Kondo’s landscapes draw their inspiration not from life but from reference books, taking their cue from geographically accurate and scientifically impartial material found in topography, geology and gardening manuals. As such, the natural world that he constructs is an abstraction of reality, a composition of impossible landscapes; the sky a brilliant blue, the mountains tall and lakes deep, yet lacerated from reality the images seem unsettling in their perfection. Inspired by these encyclopedic images, Kondo produces paintings that are bound up in memories, landmarks rather than landscapes. These evocative scenes elicit an uncanny sensation of familiarity and a quiet retrospection that reminds the viewer of a long forgotten place. These landmarks become mnemonic triggers for nostalgic images of the natural world, drawn from film, advertising and our own memories. Developing on these themes of memory and authenticity, Kondo’s new paintings elicit a more lyrical encounter with nature and juxtapose cultural experience with the environmental. ‘Chorus’ references the symbolic status of mountains in Japanese folklore and their counterpart in the European architectural tradition of cathedrals, both finding divinity in scale and structure.

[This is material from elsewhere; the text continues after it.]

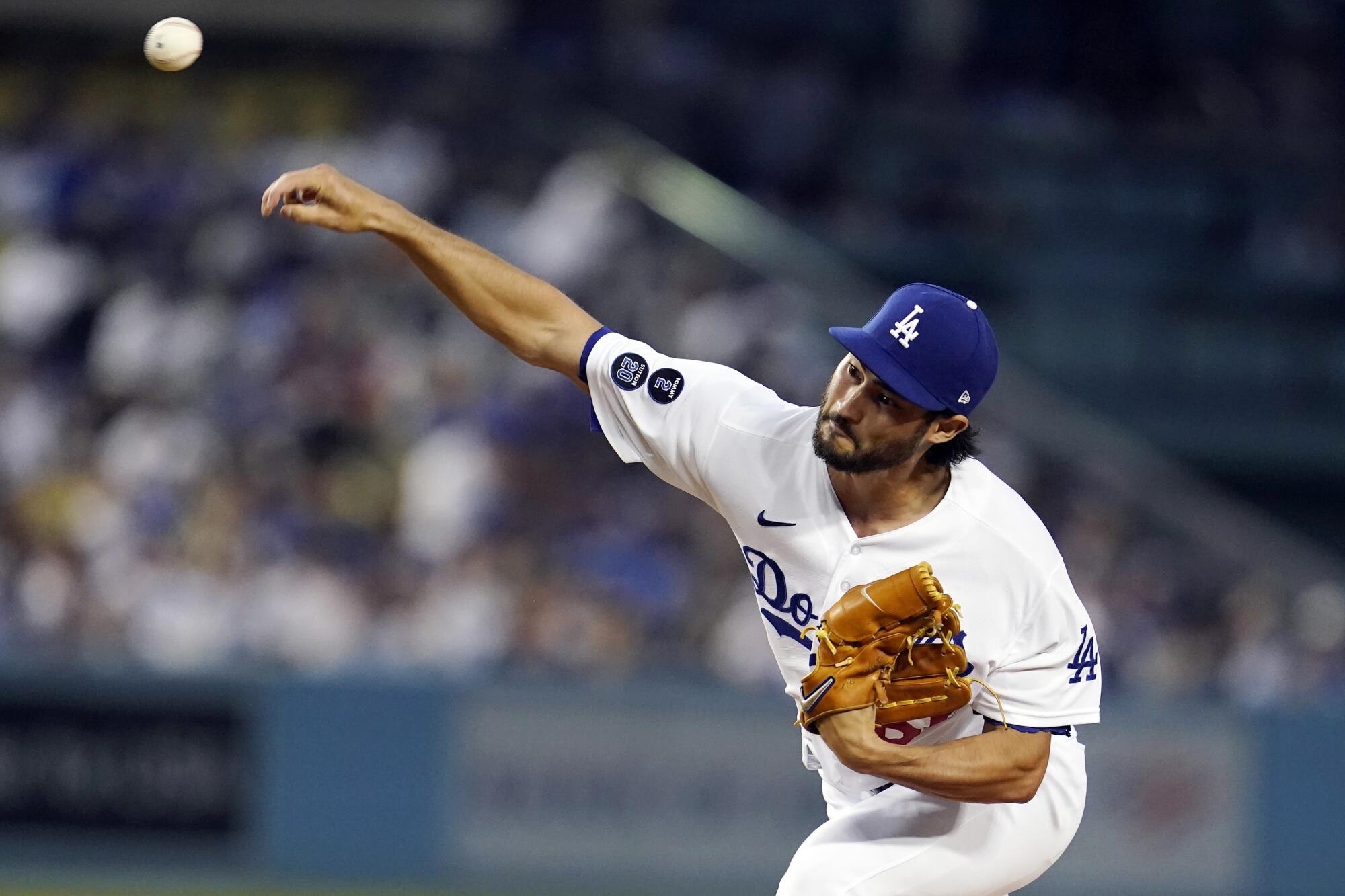 Los Angeles Dodgers relief pitcher Mitch White throws to a Pittsburgh Pirates batter during the second inning.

Kondo’s work exposes the contemporary conflict to establish true authenticity in a world in which digital reproduction and enhancement are the everyday. Our expectations of ‘nature’ are misshapen by the promises of contemporary media, complicating our perception of the real and ultimately provoking a deeper sense of dissatisfaction. This melancholy speaks of a yearning to experience a relationship with our environment that lives up to the idyll of memory. Kondo attempts to capture this evanescent sensation in his paintings, promising fantasy yet acknowledging the inadequacy of reality. Whilst the artist exposes the artificiality of this relationship, we remain blighted by our pursuit of a utopian dream.
Drawing reference from such disparate sources as European Romanticism; the intricacy of traditional Japanese artists such as Hokusai, and contemporary film and advertising, Kondo’s work reminds us of the enduring struggle to establish an equilibrium between man and nature. His paintings depict a hybrid of our cultural sublime and the facsimile of nature orchestrated around contemporary urban development. This Romantic motif is not only a reminder of the transience of being, but an entirely relevant call to face up to our role in this dynamic: his work is not merely a Romantic conceit, but a declaration of intent.